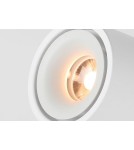 Abigali Oprawa natynkowa CRI90+ 20° 12W WW ściemnialna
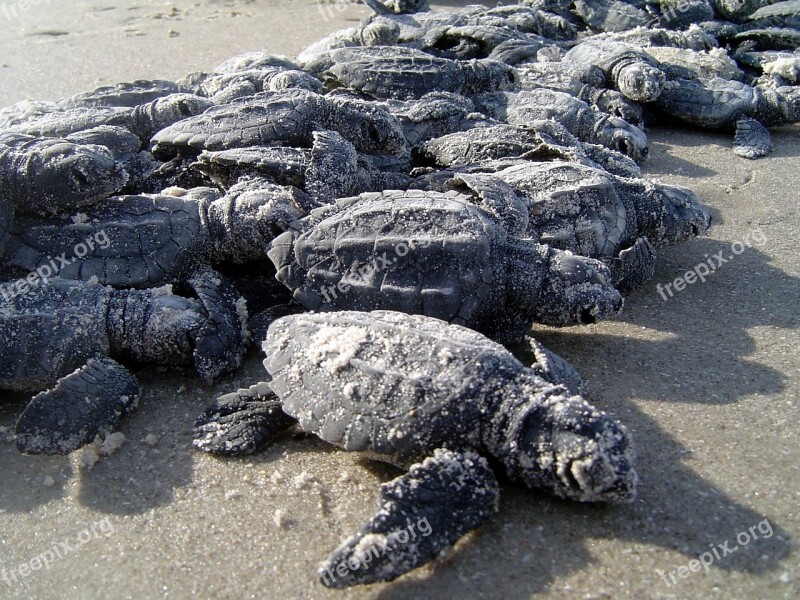 Sea Turtles Hatchlings Sand Beach Wildlife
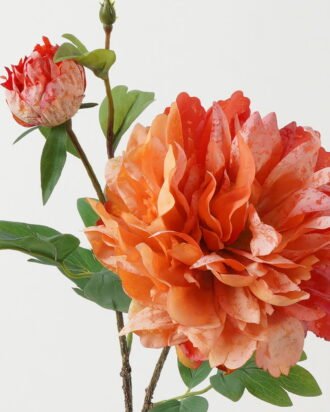 Artificial Flower 24*24*73cm Peony * 2 GS-00523012 Single Flowers YeahFlower is one of Chinese leading OEM manufacturers and exporters , supplying the silk flowers, wholesale artificial trees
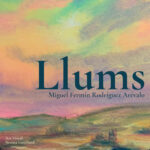 Llums Llums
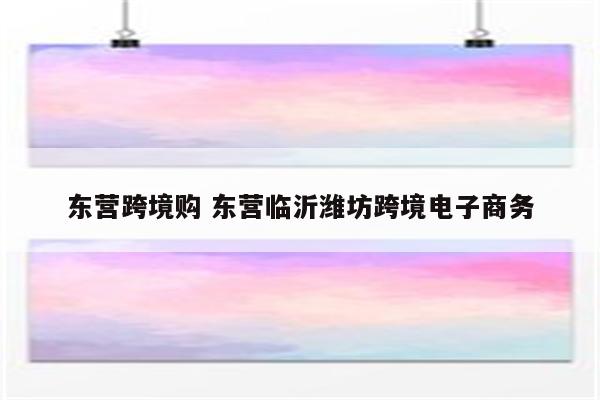东营跨境购 东营临沂潍坊跨境电子商务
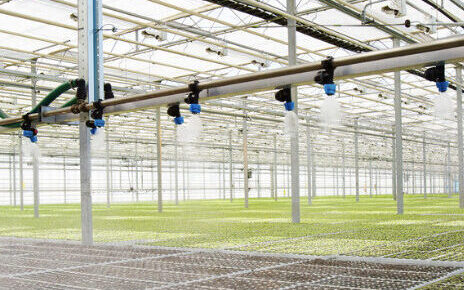 greenhouse irrigation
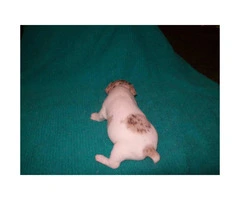 3 purebred female rat terrier puppies for sale - 2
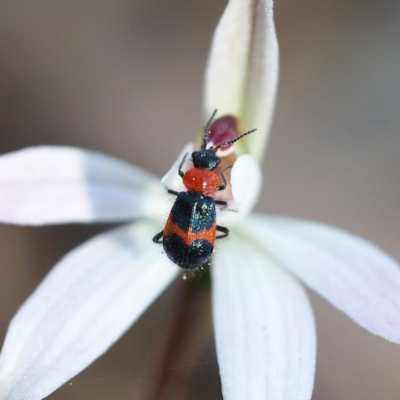 Dicranolaius cinctus (Notched-leg Red & Blue Flower Beetle) at Hackett, ACT - 7 Oct 2018 by David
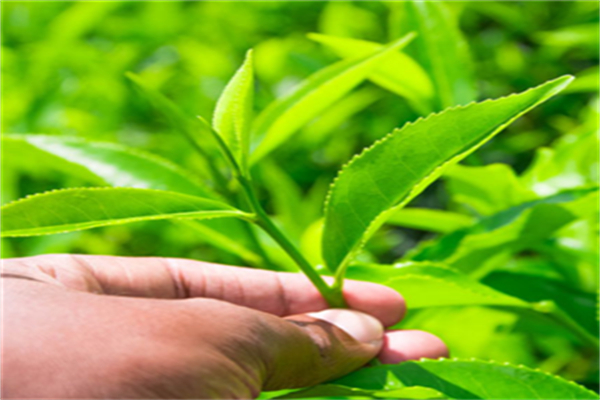 龔府名茶加盟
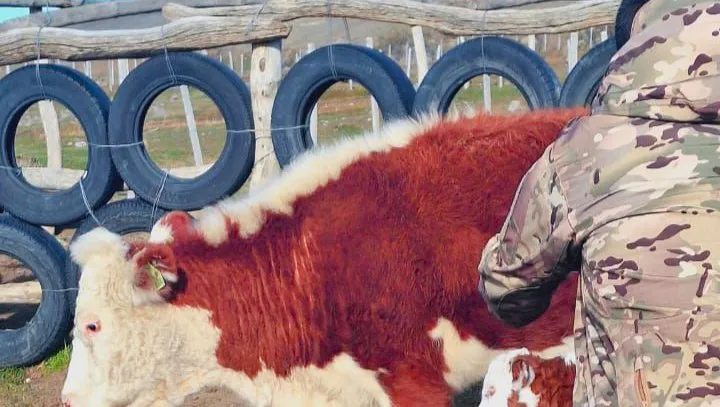 WhatsApp Image 2024-09-11 at 10.36.04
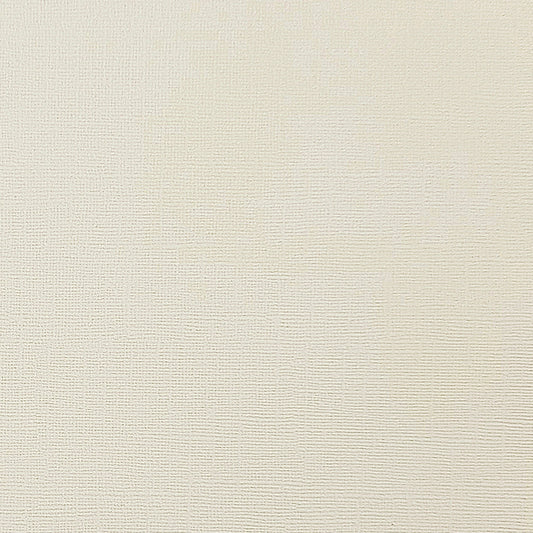 RIVER ROCK - Light Gray Textured 12x12 Cardstock - Encore Paper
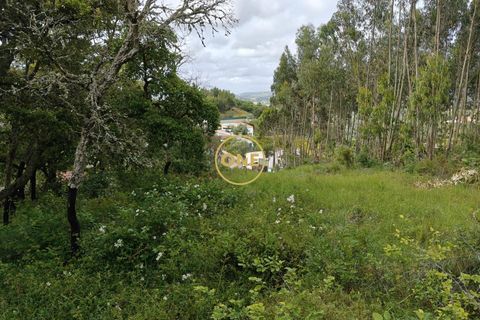 Helårsgrund i Mafra, Lisbon, Mafra - € 35.000 | Ref: ONE421719-16 - foto 9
——————
### Problem to solve
Everything in the records except the pictures should be printed again exactly.

### Answer below
 Abigali Oprawa natynkowa CRI90+ 20° 12W WW ściemnialna
 Sea Turtles Hatchlings Sand Beach Wildlife
 Artificial Flower 24*24*73cm Peony * 2 GS-00523012 Single Flowers YeahFlower is one of Chinese leading OEM manufacturers and exporters , supplying the silk flowers, wholesale artificial trees
 Llums Llums
东营跨境购 东营临沂潍坊跨境电子商务
 greenhouse irrigation
 3 purebred female rat terrier puppies for sale - 2
 Dicranolaius cinctus (Notched-leg Red & Blue Flower Beetle) at Hackett, ACT - 7 Oct 2018 by David
 龔府名茶加盟
 WhatsApp Image 2024-09-11 at 10.36.04
 RIVER ROCK - Light Gray Textured 12x12 Cardstock - Encore Paper
 Helårsgrund i Mafra, Lisbon, Mafra - € 35.000 | Ref: ONE421719-16 - foto 9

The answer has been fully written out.